Aubergines. Big or small they usually turn a few noses up around the table here. We have discovered through trial and error it has nothing to do with the taste and everything to do with the texture. This is a very simple and a traditional Shanghai dish and we find the addition of sugar to the sauce at the end helps turn the texture from (possible) mush into a sticky chewy one ensuring the kids keep coming back for more.

What you will need

  • 500g Aubergines, small
  • 5 tbsp sesame oil
  • 1 large red chili, sliced
  • 2 cloves garlic, minced
  • 200ml water
  • 3 tbsp dark soy sauce
  • 1 tbsp sugar
  • 2 tbsp water, extra

How to prepare it
Cut the aubergine into 5cm pieces (or leave whole if small). Heat the sesame oil in the wok until it shimmers then add the garlic and chili and cook for 1 minute. Remove them from the wok and set aside for later.

Add the aubergine and gently sauté. When they have soaked up the oil, add 1 tbsp of the water. Keep adding water, a tbsp at a time until eggplants are soft and you have used half of the water. Pour in dark soy sauce and the tablespoon of sugar sugar. Stir well and add the rest of the water. Cover with a lid and cook for one minute. Uncover, the liquid should have been absorbed. Return chili and garlic to the wok, toss for 30 seconds and serve immediately. These are also quite good eaten cold as a lunchtime snack at work.

Pork Lettuce Cups

(Appetizer—6 people)


When faced with hunger pangs but wanting to keep it light these lettuce cups are an excellent choice. Although iceberg lettuce does not have much nutritional content it is an excellent lettuce to use for this recipe as it retains is firm texture and shape when filled with the meat mixture. This is excellent as appetisers in smaller portions and can also be made into a main course. You could also try making this with minced turkey or chicken.

What you will need

  • 900g pork (minced)
  • 1 onion
  • 1 tbsp minced ginger
  • 3 cloves garlic
  • 1 chili, sliced thinly
  • 1 tbsp sesame oil
  • 3 bsp rice wine vinegar
  • 4 tbsp hoisin sauce
  • 2 tbsp oyster/fish sauce
  • 2 tbsp soy sauce
  • 110g bamboo shoots (optional)
  • 3 tbsp coriander, chopped
  • 110g toasted cashew nuts
  • 1 head iceberg lettuce or 2 heads baby gem

How to prepare it
Peel and dice the onion and garlic and sauté it gently in a half tbsp of sesame oil then add in the chili and ginger. Remove these items from the wok and set aside for a few minutes.
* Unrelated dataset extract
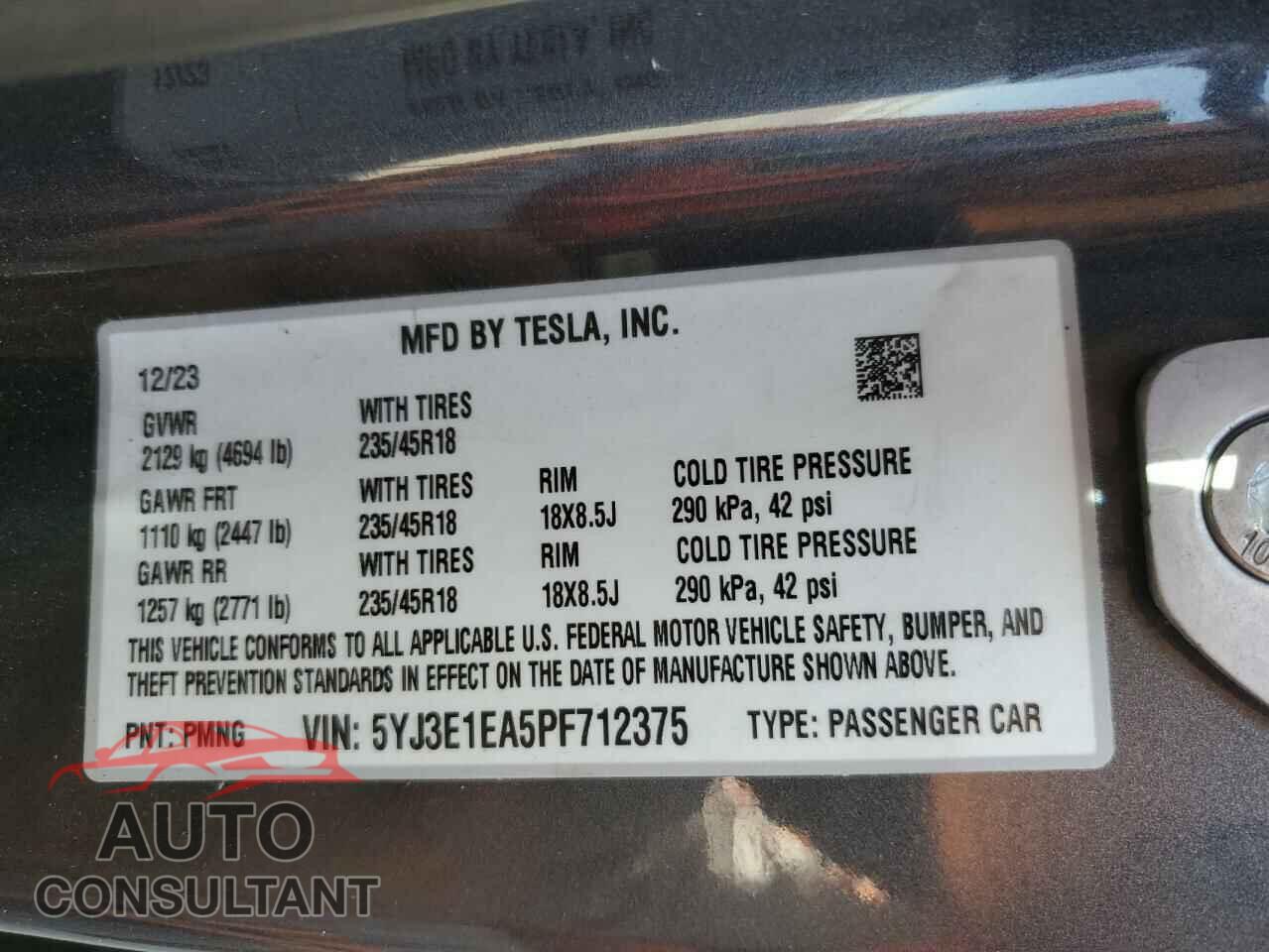 TESLA MODEL 3 2023 - 5YJ3E1EA5PF712375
Sauté the pork in the remaining sesame oil until it has browned. Remove meat from wok and drain of fat if necessary. Choose leaves towards the center of the head of lettuce and have it ready, if necessary; set aside to chill.

Return the onions, garlic, ginger and chili to the wok and add in the rice wine vinegar and pork and stir until the liquid reduces. Add hoisin, oyster and soy sauces, stirring to mix well. Stir in bamboo shoots, cashews and fresh coriander and heat through.
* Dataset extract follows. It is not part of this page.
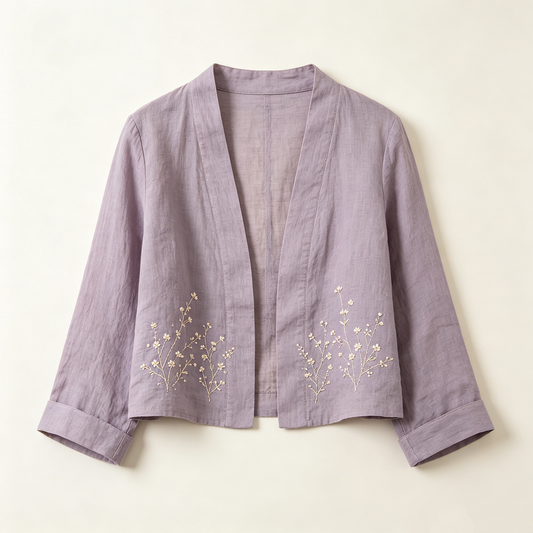 Lavender Floral Embroidery Linen Open Jacket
Spoon the meat mixture into the lettuce cups. Serve and eat immediately.

Queenie Scallops in a Blackbean Sauce

(Appetizer—4 people)


Queenie scallops have to be one of our favourite seafood finds at the fishmongers. Typically, they sell out before 10am at the Galway market, when they have them in stock, because everyone wants to enjoy these tiny treats. We keep a tub of dried fermented black beans on hand at all times and love how little you need to do with them to produce a delicious dish.

What you will need 

  • 2 tbsp toasted sesame oil
  • 2 tbsp minced fermented black beans
  • 1 tbsp minced garlic (4 cloves)
  • 1 bunch scallions, thinly sliced
  • 1 tbsp coarse salt
  • 1 tbsp freshly ground black pepper
  • 450g queenie scallops
  • 2 cups enoki mushrooms
  • 1 tbsp unsalted butter

How to prepare it
Heat a wok over medium-high heat. Add the oil and swirl to coat the bottom. When the oil is hot, add the black beans, garlic and scallion whites only. Season with salt and pepper and sauté until softened, about 1 minute. Add the scallops and sauté until the scallops are cooked approximately 2 to 3 minutes.

Add the butter and adjust the seasoning if necessary. Add the scallion greens and enoki mushrooms and stir to combine. Transfer to four individual serving plates and serve with the rice on the side if desired.